Pro-inflammatory physiological changes in SAMR1 and SAMP8 cultures were evaluated by the levels of nitric oxide and cytokine release. The results are shown in Figure 2B. Mixed glial cultures increased nitric oxide generation following treatment with LPS + IFN, as determined by nitrite accumulation in the culture media. This response was higher in SAMP8 cultures than SAMR1 cultures [two-way ANOVA, main effect of treatment: F(1,74) = 89.93, p < 0.0001; main effect of strain: F(1,74) = 3.992, p = 0.0494; effect of strain × treatment interaction: F(1,74) = 6.255, p = 0.0146]. SAMP8 pure microglia cultures also showed higher nitric oxide generation than SAMR1 microglia, although the effect of treatment or strain × treatment interaction did not reach significance [two-way ANOVA, main effect of strain: F(1,75) = 12.61, p = 0.0007]. However, there was a tendency for a difference between nitric oxide levels after LPS + IFN injury in SAMR1 and SAMP8 microglia that was significant by a direct Student’s t–test comparison (not indicated in the figure) [t(44) = 2.706, p = 0.010].

As a whole, glial cell cultures obtained from newborn brain of SAMP8 mice showed higher responsiveness to a pro-inflammatory LPS + IFN injury than those of SAMR1 mice.

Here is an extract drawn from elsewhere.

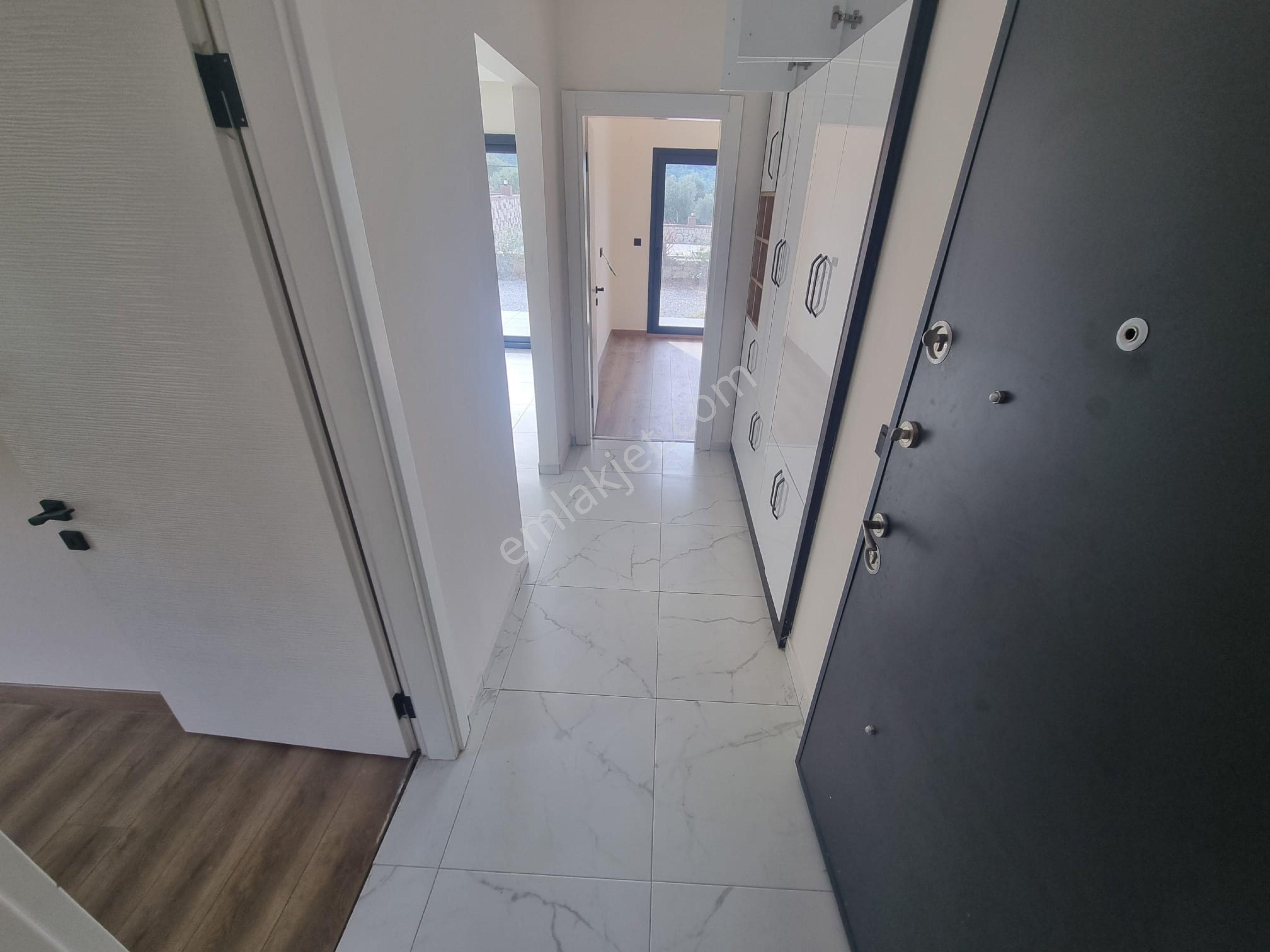 Zirve Gayrimenkul'den Havuzlu Sitede Bahçe Katı 2+1 Daire - Görsel 5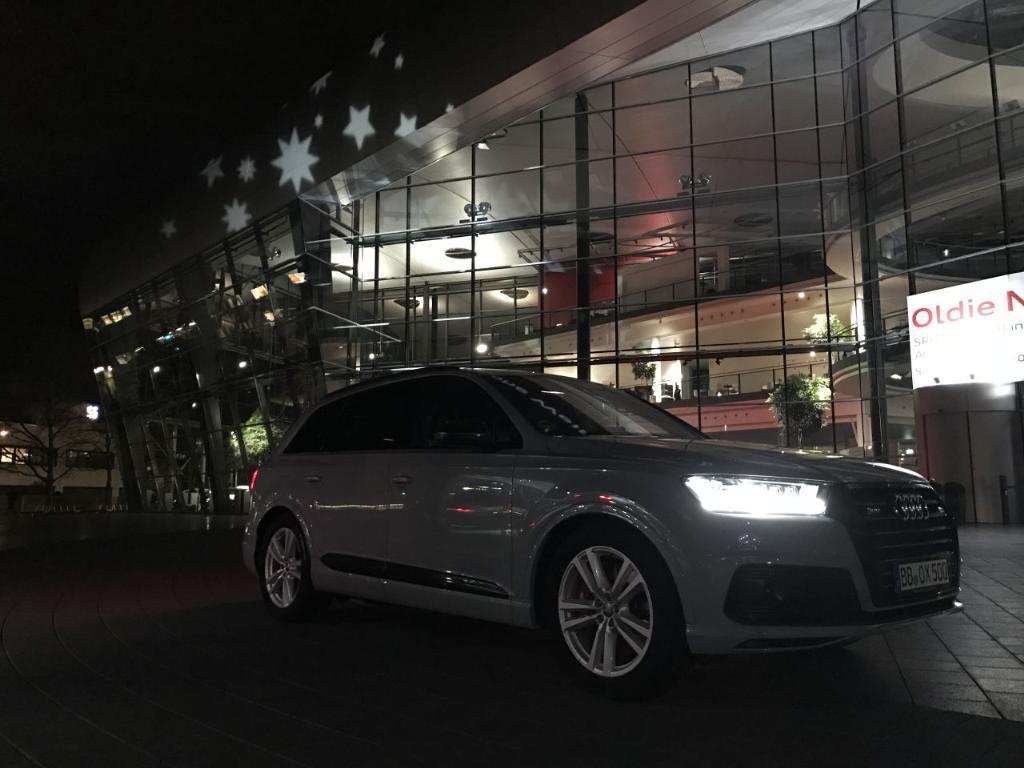 154699AUDISQ70490.jpg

This effect was primarily driven by microglia, as demonstrated by nitric oxide generation in control and stimulated conditions in pure microglia cultures. Furthermore, the morphological analysis confirmed a state of basal activation, as shown by a higher number of cells with globular morphology, and a hyperreactivity to LPS + IFN, as shown by an increase in the total number and in the percentage of activated SAMP8 microglia.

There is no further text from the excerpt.